I was lucky to attend one of the most diverse public high schools in the country. On paper, anyway. But the actual experience was not what I expected. I was shocked to see the way the students segregated themselves. Passing through the entrance to my school was like stepping into a completely different decade. If you asked me to, I could actually compose a map of all the different ethnic territories on our campus. Ironically, the hallways of my high school were adorned with words like ‘Empathy,’ ‘Compassion,’ ‘Acceptance’ and ‘Respect,’ although these were the very qualities our school was desperately lacking. Witnessing such an extreme degree of self-inflicted segregation always made me wonder what drives us apart. Why do we separate ourselves from people just because we’re different? Why are we so set on sustaining these divides? We need to find effective ways of embracing and accepting each other’s differences instead of distancing ourselves because of them.
Not all students adhere to this unspoken segregation, which makes me wonder even more what makes it easier for some students to deviate from their own ethnic and social groups, and more difficult for others. It was always easy for me to integrate with other groups, and I have a hypothesis as to why. I attended a predominantly Caucasian middle school. Being white and relatively wealthy, I fit the profile just fine, but for whatever reason, I never “fit in.” I was a loser and an outcast, and honestly I’m glad I was because it opened me up to seek acceptance in other places, from all different types of people. I wasn’t bound to any single social group.
Likewise, the students that were popular in middle school remained largely cut off from other social groups in high school. They were already accepted in their own social circle, so why risk unnecessary rejection from other groups? These students had already earned their status. They had no reason to tarnish it by deviating from the students that they already knew. In this sense, they trapped themselves within a single social group from which they may never diverge.
It isn’t necessarily racism that distances these students—it’s fear of social rejection. There is enormous pressure to fit in in any school or institution. This puts students who confine themselves to a single social group at an enormous disadvantage after they leave school and enter the real world—the workforce—the global economy, an intercultural amalgam of every ethnicity and social class and subculture known to humankind. Likewise, this puts the middle school rejects, like myself, at an advantage. We know how to relate and get along with all kinds of different people. Social rejection, as crappy as it may have been in middle school, prepared me for the bigger picture—the real world.

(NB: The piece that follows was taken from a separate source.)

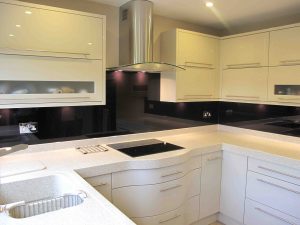 Dark Aubergine Glass Splashback for kitchen walls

We have everything to gain from integrating with people from different backgrounds than ours. Embracing diversity expands our understanding of our own lives as well as those of others. Opening ourselves up to different perspectives and ideas can only benefit us. Limiting ourselves to what we know just cuts us off and hinders us from understanding or appreciating other people’s perspectives, experiences and opinions, and, likewise, our own.